特性/副特性代表テスト測定量/判定いつ実施
性能効率性/時間効率性負荷試験p95応答時間 ≤ 2.0sリリース前・性能変更時
信頼性/回復性障害復旧演習RTO(目標復旧時間)≤ 30分四半期ごと
セキュリティ/真正性認証・セッション試験乗っ取り/固定化耐性リリース前・認証改修時
保守性/解析性静的解析複雑度、ルール違反数CIで常時
移植性/設置性デプロイ試験自動化率、手順数リリース前

IPA資料が示すように、SQuaRE の枠組みでは品質測定量と測定法が体系化されています。
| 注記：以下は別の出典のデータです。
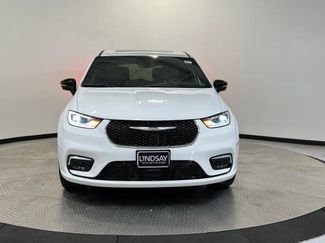 New 2026 Chrysler Pacifica Select video 2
(特許庁)
実務では「測定量を決めても測定法が決まらない」ことが多いため、“誰が・どの環境で・どのツールで・どの頻度で” まで仕様化しておくと運用しやすいです。

6. 実装例: Web API サービスでの要求定義(YAML)と CI への組み込み

ここでは、製品品質モデルを「要求の文章」から「検証可能な定義」に変換する最小例を示します。

6.1 品質要求の雛形(YAML)

quality_requirements:
  performance_efficiency:
    time_behaviour:
      target: "注文確定API"
      metric: "p95_response_time_seconds"
      threshold: 2.0
      load_profile:
        concurrent_users: 2000
        ramp_up_seconds: 300
  reliability:
    availability:
      metric: "monthly_availability"
      threshold: 0.999
    recoverability:
      metric: "rto_minutes"
      threshold: 30
  security:
    authenticity:
      requirement: "MFA必須(管理者)"
    accountability:
      requirement: "監査ログ: 誰が/いつ/何を を改ざん耐性付きで保存"
  maintainability:
    analysability:
      metric: "cyclomatic_complexity_max"
      threshold: 15
    testability:
      metric: "unit_test_coverage"
      threshold: 0.70

6.2 CI での運用ポイント

  • 性能効率性: 変更差分が性能へ影響する箇所(DBクエリ、キャッシュ、暗号化)だけでも「回帰負荷」を走らせておくと、性能劣化の見落としが減りやすいです
  • セキュリティ: 認証/認可とログは副特性(真正性・責任追跡性)に直結するため、仕様と試験を同一リポジトリで管理すると追従しやすいです
  • 保守性: 「解析性・修正性・試験性」は“遅れて効くコスト”なので、CIで基準を継続的に運用しないと形骸化しやすいです

※性能やセキュリティの受け入れ基準は、障害時の損失規模や法規制の影響を受けます。業界(金融・医療・公共)によって必要水準が大きく変わるため、前提条件を明示して合意しておくと安全です。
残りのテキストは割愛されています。